What the task requires: Restate exactly, and only, the lines from the one with "Levi's Wedgie Skinny Ankle" through the end of the data, with both of those end lines kept. Drop any pictures.

Supplied data:
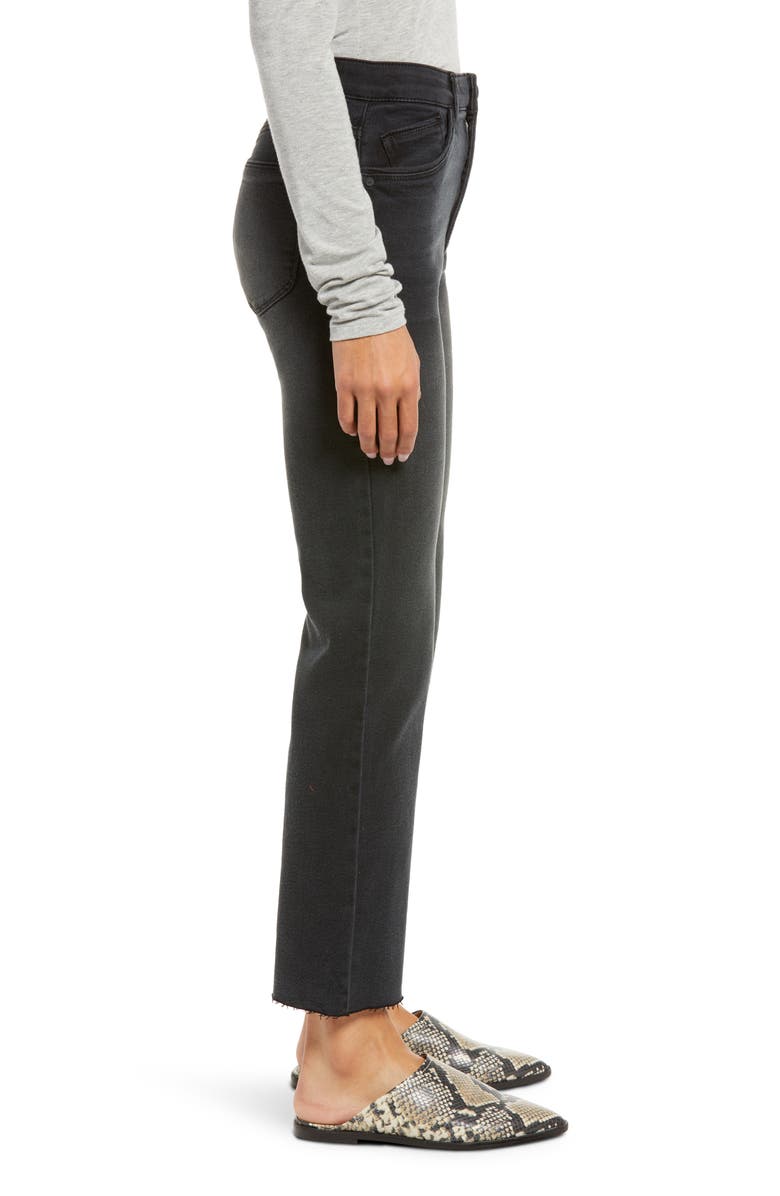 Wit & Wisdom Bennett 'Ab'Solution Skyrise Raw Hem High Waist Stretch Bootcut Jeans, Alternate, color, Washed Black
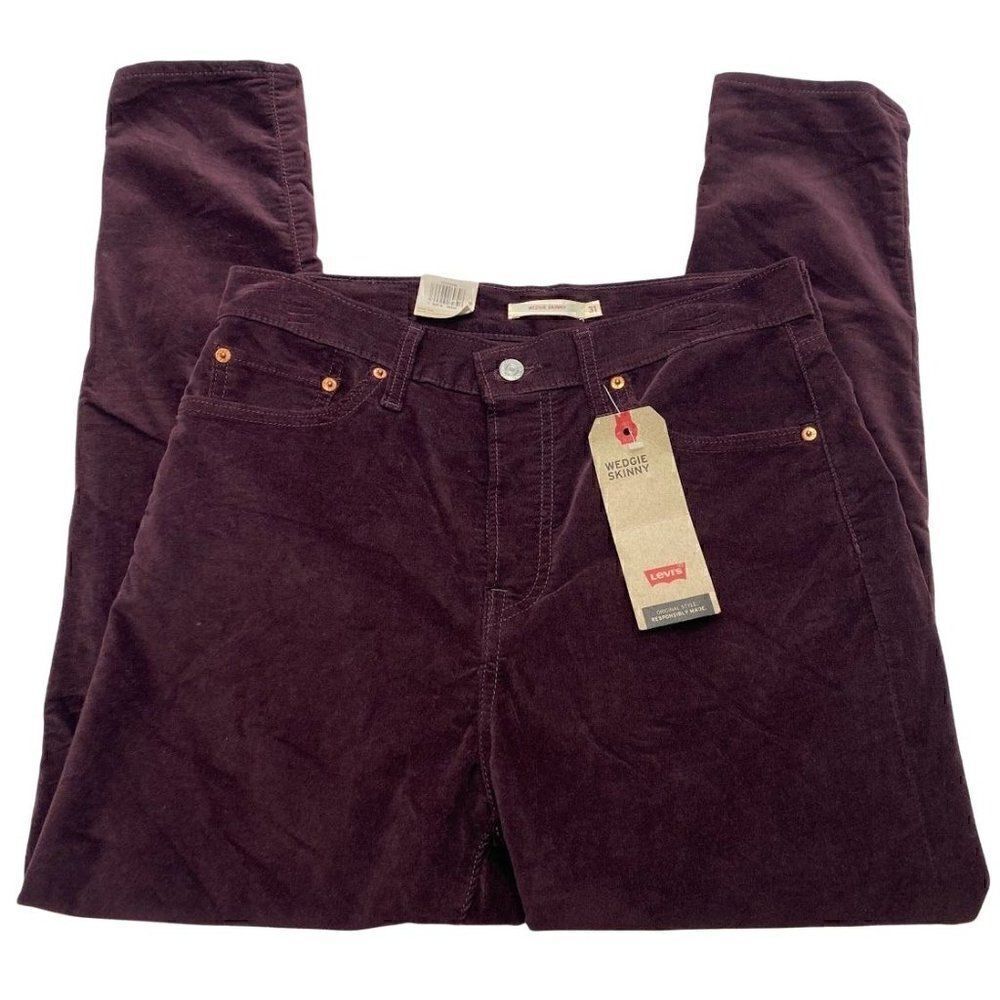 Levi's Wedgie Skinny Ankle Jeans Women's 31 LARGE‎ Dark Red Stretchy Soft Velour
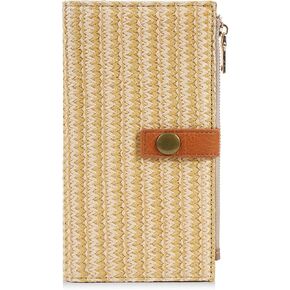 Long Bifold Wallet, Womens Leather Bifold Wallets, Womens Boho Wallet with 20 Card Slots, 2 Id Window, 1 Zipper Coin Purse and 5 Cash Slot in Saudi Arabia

Response below:
 Levi's Wedgie Skinny Ankle Jeans Women's 31 LARGE‎ Dark Red Stretchy Soft Velour
 Long Bifold Wallet, Womens Leather Bifold Wallets, Womens Boho Wallet with 20 Card Slots, 2 Id Window, 1 Zipper Coin Purse and 5 Cash Slot in Saudi Arabia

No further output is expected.